The problem with the auto-copy hypothesis is that, in the end, it does not *really* work.
This is difficult to test, because it is not formulated that precisely. There is the vague notion of 'small changes'. As soon as one makes a more precise definition of what are small changes, it becomes testable.
What one can do is take one page in the MS (and one could repeat it for all pages) and check what is the distribution of Levenshtein differences to try to come up with a definition that could work.
The hypothesis says that every word is created by taking and earlier word, making a small change to it (or no change) and then write that word down.

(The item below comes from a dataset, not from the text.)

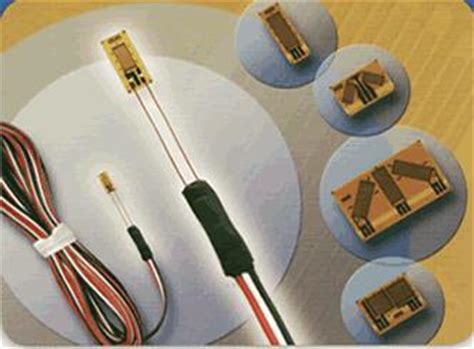 位移传感器共有几种型号，具有哪些特性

This is not tested in any of the papers I have seen. Instead there are many statistics. Interesting statistics, no doubt about that. But these statistics do not allow to distinguish between the two options:
- the author deliberately generated words according to the above principle
- the appearance of similar words is a side effect of something else.
So let's do the test. I have taken folio f58r. This has a lot of text in three paragraphs.
For every word, one can make the comparison with all previous words, and find the one with the smallest distance.
Using the most recent ZL transliteration (version 1r, You are not allowed to view links.
Register or
Login to view. ), and ignoring uncertain spaces (*), this has 344 words. Of these, exactly 25% have a minimum L distances of three or more.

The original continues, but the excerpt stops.